Sunday, July 26, 2020

An NBC Sports writer gets what Christianity is and what America is all wrong

First, let's look at what San Francisco Giants pitcher Sam Coonrod said about taking the knee:


San Francisco Giants pitcher Sam Coonrod refused to kneel in solidarity with the Black Lives Matter movement ahead of the team’s season opener Friday, saying he would feel “like a hypocrite” because of his Christian faith and personal beliefs.

“I don’t think I’m better than anybody. I’m just a Christian,” he told reporters. “I believe I can’t kneel before anything but God, Jesus Christ. I chose not to kneel. I feel if I did kneel I’d be a hypocrite. I don’t want to be a hypocrite.”

He added that he “just can’t get on board with a couple things I’ve read about Black Lives Matter. How they lean towards Marxism and … they said some negative things about the nuclear family.”

All his teammates, as well as all the opposing Los Angeles Dodgers, knelt before their game last week. Giants manager Gabe Kapler was gracious about Coonrod's decision, and Coonrod returned the graciousness:

“The one thing we said is we were going to let people express themselves,” Kapler said. “We were going to give them the choice on whether they were going to stand, kneel or do something else. That was a personal decision for Sam.”

Coonrod said he meant “no ill will” by his gesture and added, “I’m not mad at someone who decided to kneel. I just don’t think it’s too much to ask that I just get the same respect.”

All the Giants pitcher did was exercise the right that all Americans have, at least theoretically. Freedom of choice. The right for which millions of Americans fought, with many dying. For that reason, Coonrod’s decision to stand rather than join his kneeling manager and teammates during a pregame moment of unity at Dodger Stadium should be above criticism.

He did nothing wrong.

Okay. So that's the long and the short of it, right?

Not so fast. You see, Coonrod self-identifies as a Christian, and Poole deigns to have the real understanding of what a Christian is - and, for that matter, how humanity is defined:

He said plenty wrong, though, offering up an explanation that slid off his tongue and went dribbling down his chest like liquid contradiction.

"I'm a Christian,” he said.

When did real Christianity opt out of humanity? Give a pass to injustice and inequality? Decide that it’s disrespectful to offer support, if not shelter, to those in need? Does Coonrod not realize that pastors of all faiths are joining crowds around the world fighting for these very ideals?

So being uncomfortable with the significance with which taking a knee is fraught means one is ignoring injustice and inequality? And it seems we're veering awfully close here to saying that America - whose anthem is played when athletes take a knee - is inherently unjust and unequal.

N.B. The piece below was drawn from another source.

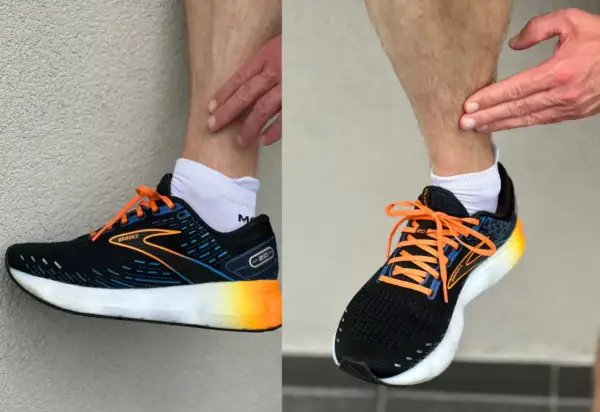 Biegacz pokazuje ból w łydce, który może być objawem shin splints. Na nogach ma czarne buty sportowe Brooks z pomarańczowymi sznurówkami.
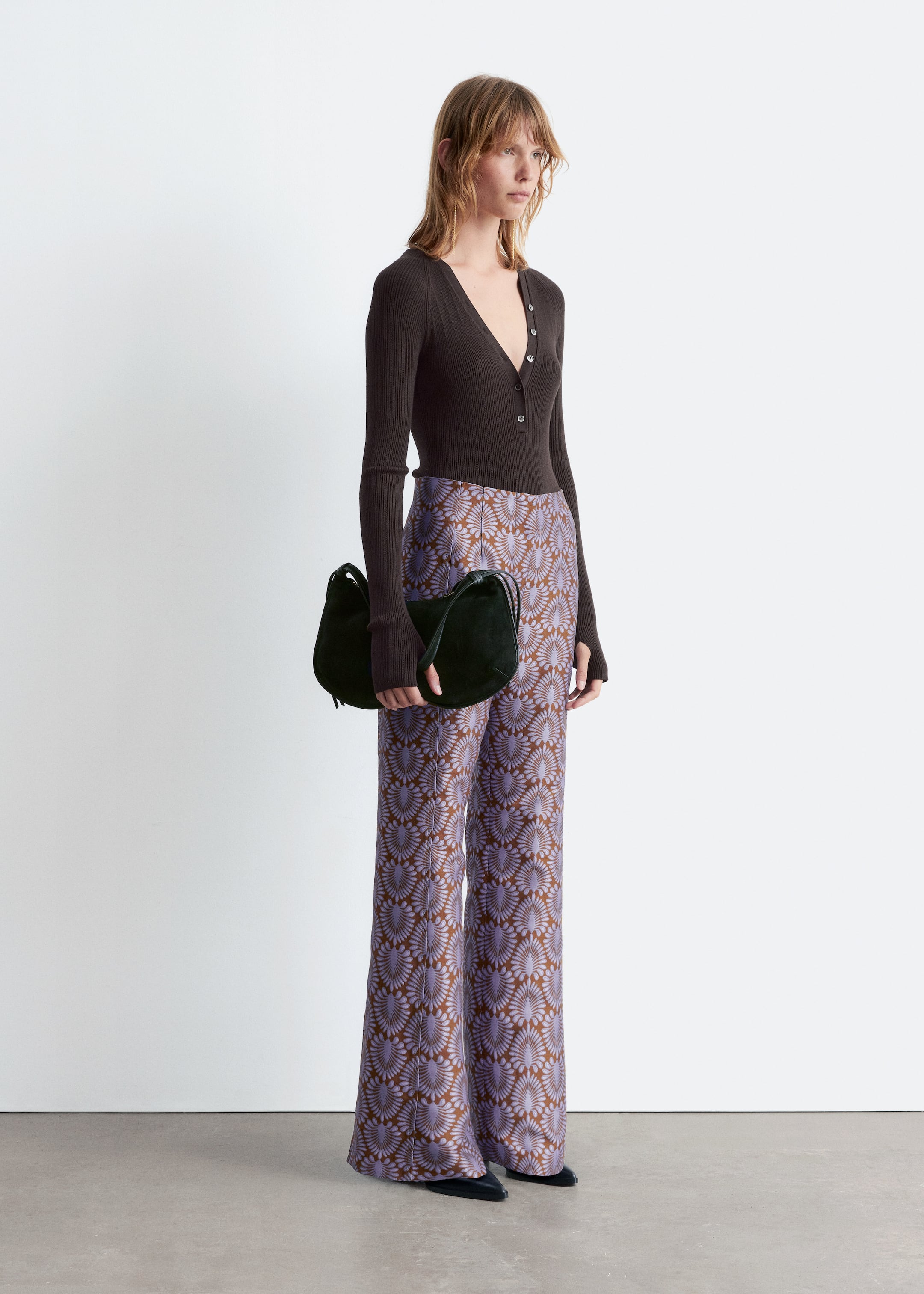 Visualizza immagine più grande: L'outfit presenta un top a V in maglia a coste marrone scuro con abbottonatura, abbinato a pantaloni a vita alta e gamba larga. I pantaloni mostrano un motivo a ventaglio ripetuto in viola chiaro e marrone, con una borsa a forma di mezzaluna verde scuro tenuta in mano e scarpe piatte a punta nere che completano l'insieme.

In Poole's formulation, well, yeah, because focusing on BLM's inherent radicalism is just an excuse to take exception to the claim America obviously that it has a core flaw. You see, one is morally obligated to agree that it has a core flaw and bring it to light whenever expressions of patriotism are on the agenda:

But if Coonrod had taken a moment to inform himself, he would see motive behind this movement need not be affiliated with BLM but, rather, to bring greater awareness to the racial injustices that is its focus.

Ian Williams, NBC Sports Bay Area analyst and former 49ers defensive lineman, responded to Coonrod’s reasoning by calling BS on it.

“Let me make this clear,” Williams tweeted. “You don’t have to be on board with BLACK LIVES MATTER. But I do need you to be on board with EQUALITY FOR ALL and ENDING RACISM.

“It’s simple. If you don’t want those 2 simple things, you know what you are.”

Which is to imply Coonrod’s own interests are in conflict with protesting racial inequality.

Why Poole is up to here is really insidious. He's trying to forever, from 2020 on, change the point of sports in American life. It's not just about home runs, three-pointers and touchdowns, about players establishing the status of legends with career achievements, or the legacies of teams. It's about drumming into the heads of all who follow sports that America is wretched and we can't let a little entertainment take our minds off of that. It would be downright un-Christian. 

I don't post about this in order to make some small effort to reverse the tide. The tide is irreversible. The self-ruination of professional sports is now complete. 

All that's left is to stomp the few remaining patriotic Christians involved in that sector of this nation's life into the dust.